Замечательно презрительное отношение к своей культуре, такое же, как у немецких радикалов 30‑х годов, сочетающееся с преклонением перед культурой западной и особенно немецкой. Так, Чернышевский и Зайцев объявили Пушкина, Лермонтова и Гоголя бездарными писателями без собственных мыслей, а Ткачев присоединил к этому списку и Толстого. Салтыков‑Щедрин, высмеивая «Могучую кучку», изобразил какого‑то самородка (Мусоргского?), тыкающего пальцами в клавиши наугад, а под конец садящегося всем задом на клавиатуру. И это не исключительные примеры: таков был общий стиль.

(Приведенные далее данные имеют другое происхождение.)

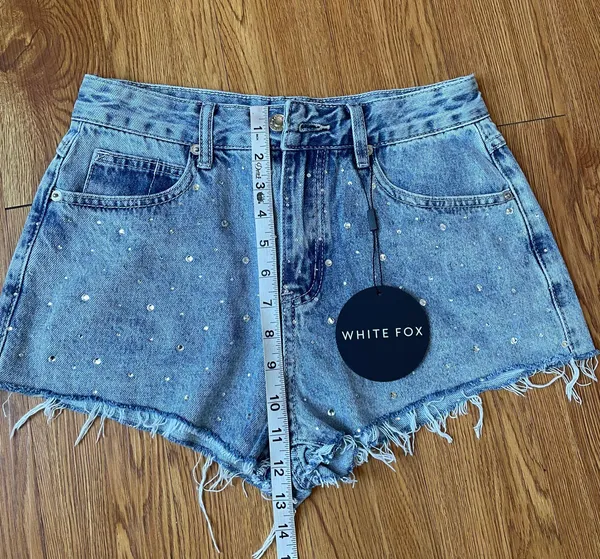 White fox bring the vibe denim shorts NWT - Image 13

В «Дневнике писателя» Достоевский все время полемизирует с какой‑то очень определенной, четкой идеологией. И когда его читаешь, то кажется, что он имеет в виду именно ту литературу, которую мы в этой работе разбираем: так все совпадает. Тут есть и утверждение о рабской душе русского мужика, о том, что он любит розгу, что «история народа нашего есть абсурд» и как следствие – «надобно, чтобы такой народ, как наш, не имел истории, а то, что имел под видом истории, должно быть с отвращением забыто им, все целиком». И цель – добиться того, что народ «застыдится своего прошлого и проклянет его. Кто проклянет свое прежнее, тот уже наш, – вот наша формула!» И принцип – что «кроме европейской правды, другой нет и не может быть». И даже утверждение, что, «в сущности, и народа‑то нет, а есть и пребывает по‑прежнему все та же косная масса», – как будто Достоевский заглянул в сочинения Померанца. И наконец, эмиграция, причина которой, согласно этой идеологии, в том, что «виноваты все те же наши русские порядки, наша неуклюжая Россия, в которой порядочному человеку до сих пор еще ничего сделать нельзя». Как современны мысли самого Достоевского:
«Неужели и тут не дадут и не позволят русскому организму развиться национально, своей органической силой, а непременно безлично, лакейски подражая Европе? Да куда же девать тогда русский‑то организм? Понимают ли эти господа, что такое организм?»